De repente, estou dentro de um grupo de mensagens. Uma amiga de SP me apresenta para sua amiga, recém-mudada para NYC, pra estudar na Parsons. Protocolo encerrado e simpatias trocadas, tentamos marcar um café ou drinks nos próximos dias.
Acaba que, de repente, sou convidado para beber em Nolita, com ela e uma outra amiga. Finalizo o jantar no SoHo e sigo pra lá.
Para desespero de Melanie Klein, o lugar se chama “Mother’s Ruin”, na meiúca do East Village. Noventa por cento do bar são locais. O resto, são elas, semi-yankees, e eu, forasteiro.
Papo vai, papo vem, três pints de Ipa pra cada depois, me fizeram ler seus mapas astrais no que já se encaminhava para ser uma divertida noite de sexta-feira.

A Parsons girl precisava estudar no dia seguinte e já começava a se ajeitar para ir embora. Pena… eu tinha ficado interessado. Mas mestranda… sei como é. A sua amiga, yankee-brasiliense, começa a me provocar para estendermos a noite num microbar com karaoke, algumas quadras dali. O nome: “Baby Grand” (ou Piano de Cauda). Ela é uma sagitariana tipicamente desgarrada e MUITO engraçada.
Na porta, procurando pelo seu green card para apresentá-lo à hostess, a filha dos “donos” do FMI dispara:
— Tá preparado? É um karaoke! Agora a gente vai se tornar muito íntimo.
Eu gargalho. Just do it.
O casting do local é bem interessante. O repertório deles é divertido e até bem executado pelos corajosos. Quando toca Jason Mraz, a gente acompanha.
— Cantando isso pra mim, sounds like a move. E não chega tão perto, que seus dentes são perfeitos demais.
Sorrio encabulado e orgulhoso. Ela é bonita, interessante, vivida e, well, sedutora.

De uma hora pra outra, estamos no minúsculo palco. De uma hora pra outra, estamos cantando ‘Wherever You Will Go’, The Calling. De uma outra pra hora (!), o bar inteiro acompanha a dupla de brasileiros ébrios.

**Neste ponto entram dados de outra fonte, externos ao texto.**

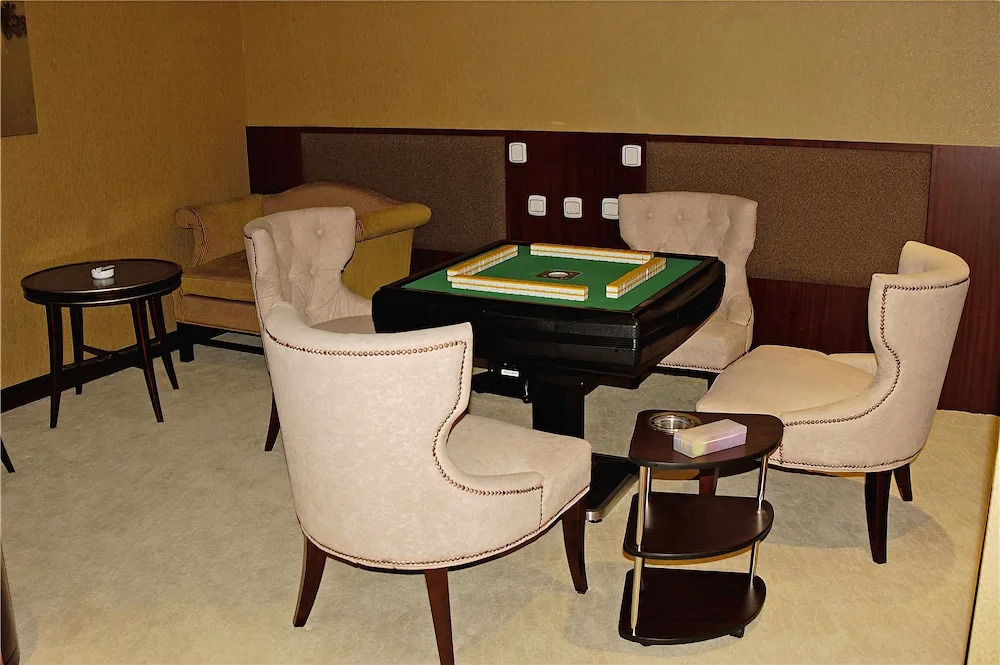 Eden Club House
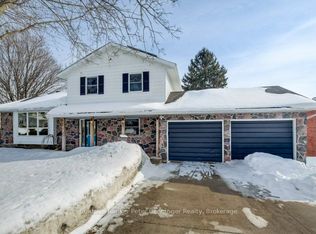 77 2nd St S, Hanover, ON N4N3T8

1:39am. Aplausos. Voltamos para o balcão, para mais uma ipa. Os olhos se demoram no cruzamento, desta vez. Ela vem... Eu vou!
…Great kisser, indeed — digo, ao pé do ouvido.
Great kisser as well.
Alguns hookups mais tarde, o repertório já se encaminha para velharias americanas. Brinco com seu poderio ‘global’ de mexer comigo. Ela entende errado e parece achar que eu tava falando que ela só tá onde está por conta dos pais. Ela agressiva e brinca (?) que todos ali estão legalmente no país, menos eu: assim… com todas as letras. Digo que não sabia que visto B1/B2 tinha se tornado ilegal. Fico puto. Não consigo nomear se racismo, classismo ou mais uma piada de bêbado mal colocada pelo outro ou mal interpretada pelo eu; não a suposta ofensa, mas o discurso. Anyhow, a noite acaba ali, pra mim. Não consigo voltar de onde aquela frase me fez ir parar.
What?! Have yourself a great night… — sorrio. Pego meu casaco na chapelaria improvisada e chamo meu uber da calçada. Ela segue no balcão. Ela é habitué do local. Ela ficará bem.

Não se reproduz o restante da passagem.